Both Ramesh Ponnuru over at NRO, and Andrew Sullivan, who's just getting grouchier by the minute, are upset over this NY Times report from the President's campaign:
Mr. Bush noted: "The enemy declared war on us. Nobody wants to be the war president. I want to be the peace president. The next four years will be peaceful years." He repeated the words "peace" or "peaceful" many times, as he has done increasingly in his recent appearances.
We know this administration values speechwriters. So, how about this from Peggy Noonan in last Thursday's Wall Street Journal:
Here is a criticism I have spoken of but not written of regarding President Bush. When you are president and you are doing hard things in history like making war, and you are doing it in the jingle-jangle of the modern media environment, you have a kind of moral responsibility to make it clear that you hate war, really hate it, and love peace. This would seem obvious, but is not. Men and women in the midst of planning war forget to say it and insist it. Sly old FDR didn't forget, though. Lincoln didn't forget it either. He always made it clear he thought the impending and then ongoing war a painful tragedy. Mr. Bush has not made it clear, or has not repeated often enough, that he hopes for peace, yearns for peace, loves it. He seems part of the very drama he has been forced to wage, and seems sometimes to enjoy it.
This is delicate.
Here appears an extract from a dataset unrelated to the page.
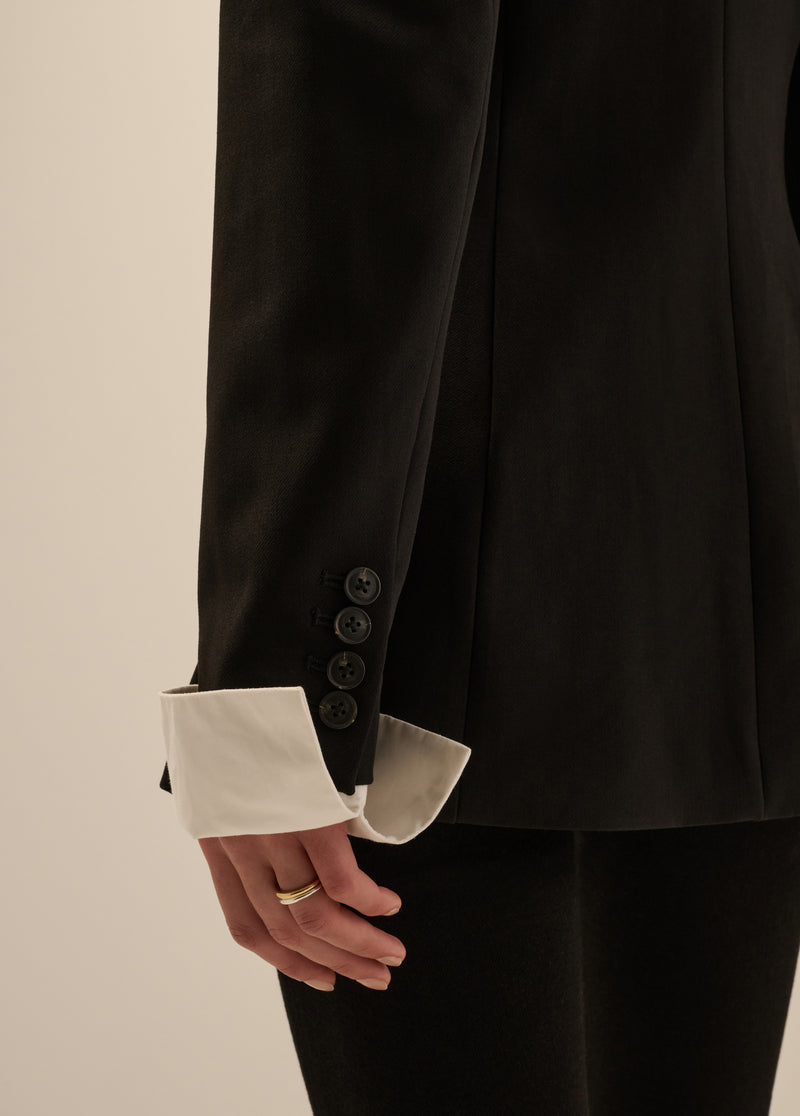 THE MADISON AVENUE BLAZER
A leader cannot seem ambivalent about crucial actions and decisions, and he can't seem so weighed down by the facts and implications of those decisions that people begin to wonder if he's lost his fight. There's a reason people like a happy warrior. A happy warrior tends to be a winning warrior. And yet. In the world we live in a leader must seem almost palpably yearning for life and peace even as he makes tough decisions that will soon deny either or both to some.
Is it possible that the White House just took a hint? Now, maybe they went about it a little ham-handedly, or maybe the Times mucked up the quote, or maybe the President freelanced a little. But I have a sneaking suspicion that a lot of people in this White House read the OpinionJournal. Peggy Noonan is somewhat controversial, even in conservative circles. But she's onto something here, I think, and maybe the campaign thinks so, too.